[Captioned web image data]
⟨
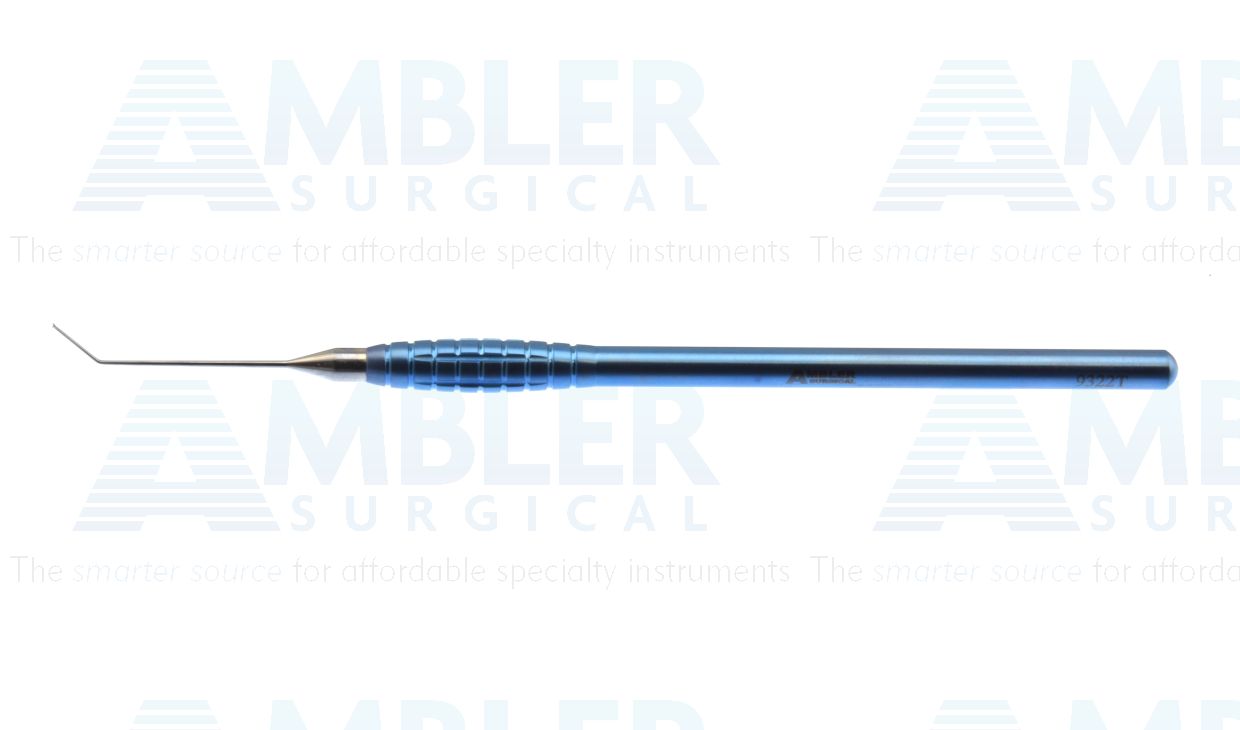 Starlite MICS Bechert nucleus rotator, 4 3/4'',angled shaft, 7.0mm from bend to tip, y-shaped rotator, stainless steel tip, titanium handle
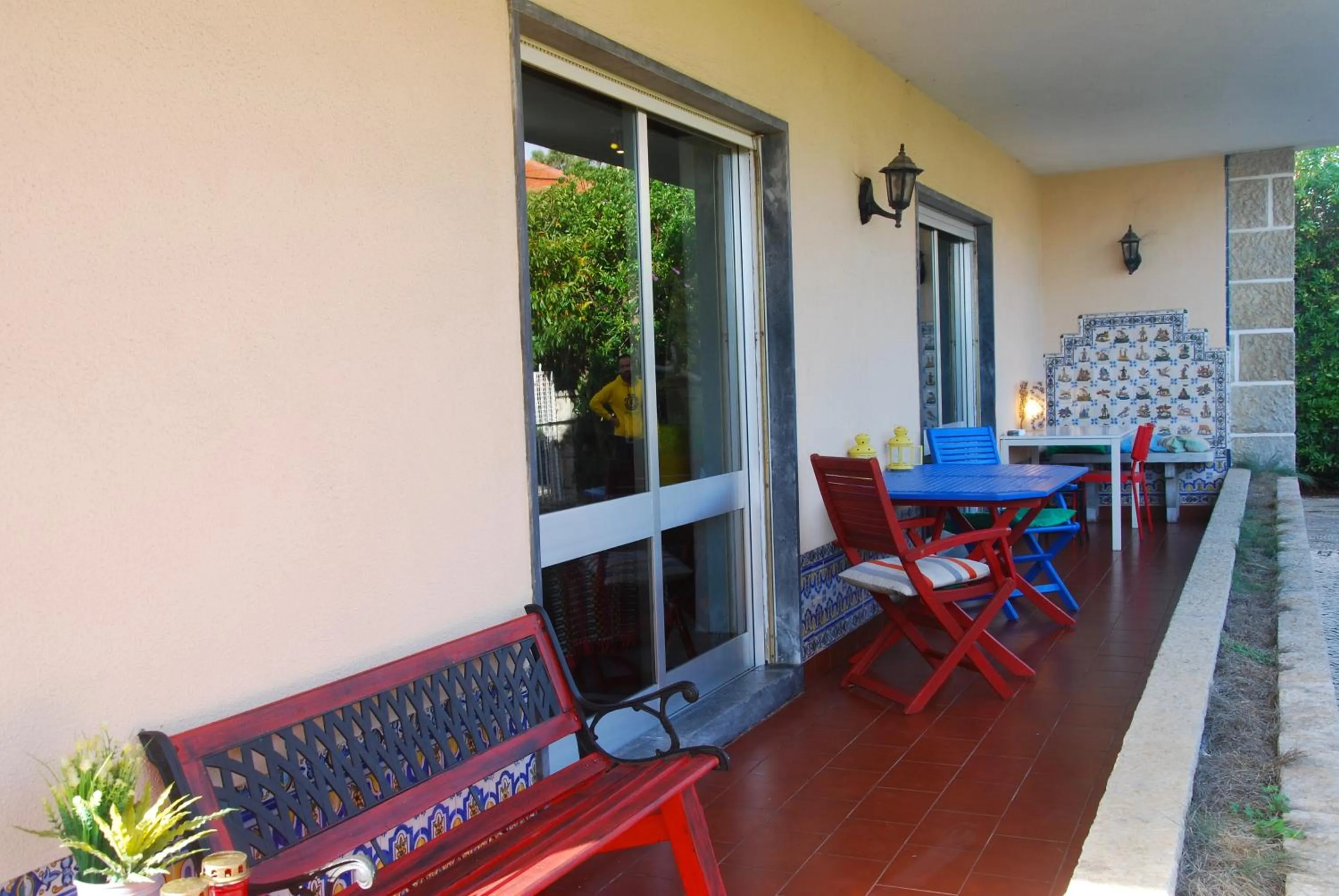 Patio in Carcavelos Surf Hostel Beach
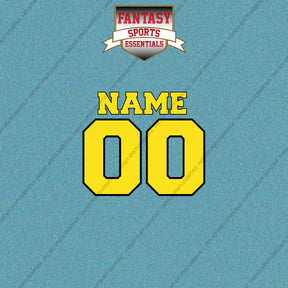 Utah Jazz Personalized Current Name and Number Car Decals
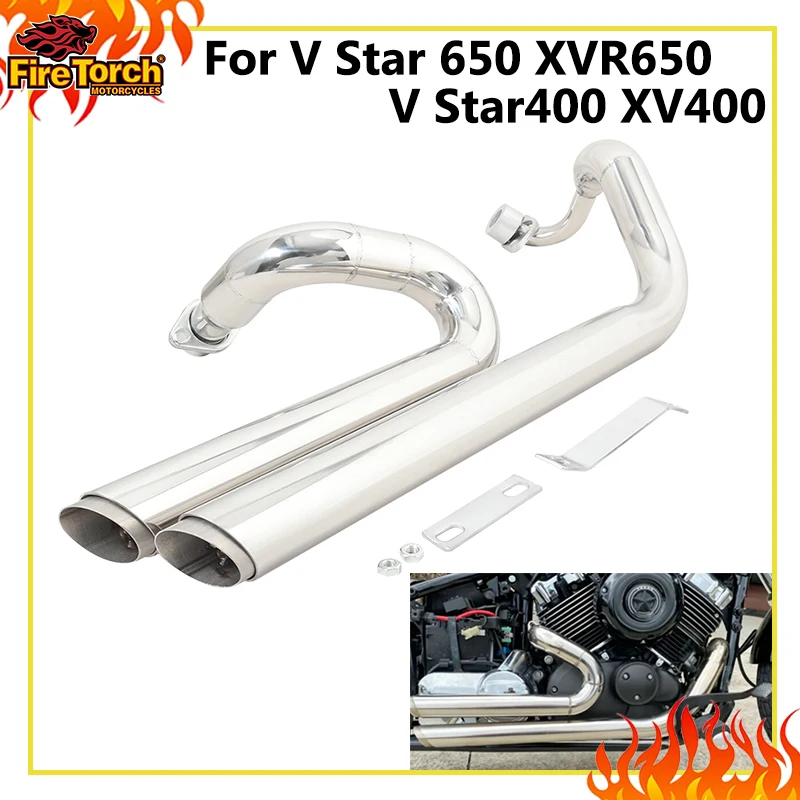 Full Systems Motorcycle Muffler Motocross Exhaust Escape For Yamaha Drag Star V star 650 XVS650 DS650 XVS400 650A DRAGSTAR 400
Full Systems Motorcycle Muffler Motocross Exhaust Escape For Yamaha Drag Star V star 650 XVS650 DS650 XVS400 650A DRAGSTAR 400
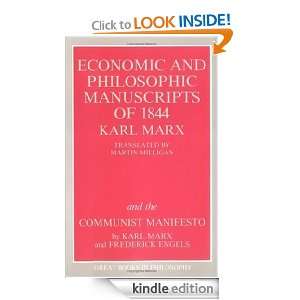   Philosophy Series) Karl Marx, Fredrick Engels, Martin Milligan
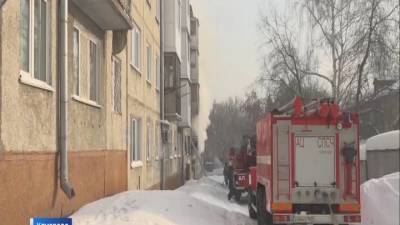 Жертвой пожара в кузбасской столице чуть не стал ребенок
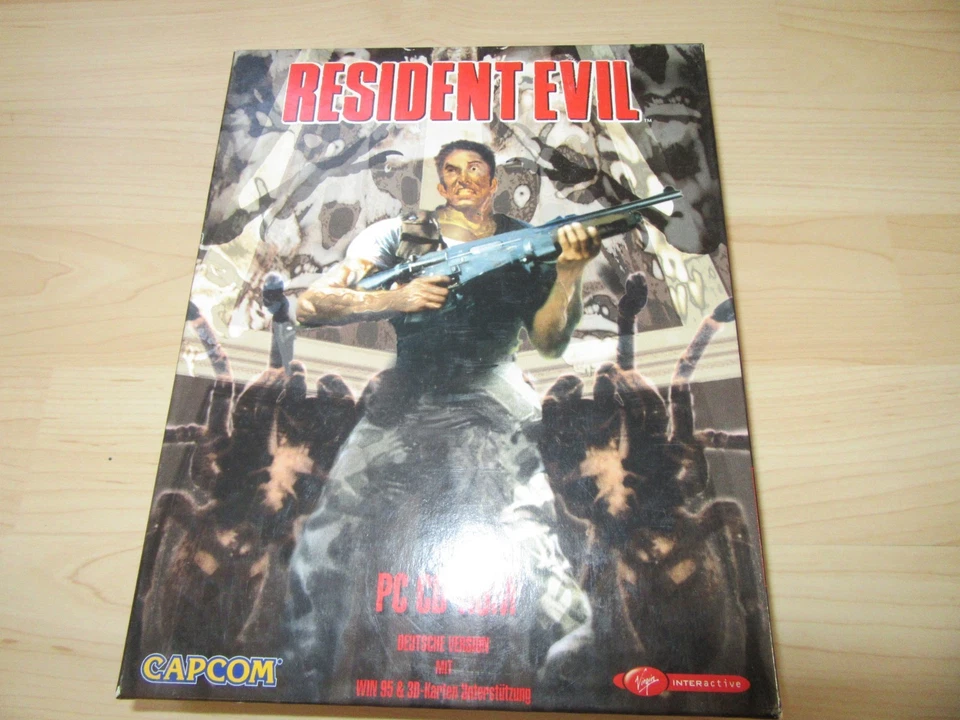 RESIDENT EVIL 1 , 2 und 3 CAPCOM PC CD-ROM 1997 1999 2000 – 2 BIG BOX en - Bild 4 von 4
⟩
▶ _HOW TO COMPLETE THIS TASK_:
What you write should match the entries exactly, except that the pictures are dropped.

▶ _WRITTEN ANSWER_:
 Starlite MICS Bechert nucleus rotator, 4 3/4'',angled shaft, 7.0mm from bend to tip, y-shaped rotator, stainless steel tip, titanium handle
 Patio in Carcavelos Surf Hostel Beach
 Utah Jazz Personalized Current Name and Number Car Decals
 Full Systems Motorcycle Muffler Motocross Exhaust Escape For Yamaha Drag Star V star 650 XVS650 DS650 XVS400 650A DRAGSTAR 400
Full Systems Motorcycle Muffler Motocross Exhaust Escape For Yamaha Drag Star V star 650 XVS650 DS650 XVS400 650A DRAGSTAR 400
   Philosophy Series) Karl Marx, Fredrick Engels, Martin Milligan
 Жертвой пожара в кузбасской столице чуть не стал ребенок
 RESIDENT EVIL 1 , 2 und 3 CAPCOM PC CD-ROM 1997 1999 2000 – 2 BIG BOX en - Bild 4 von 4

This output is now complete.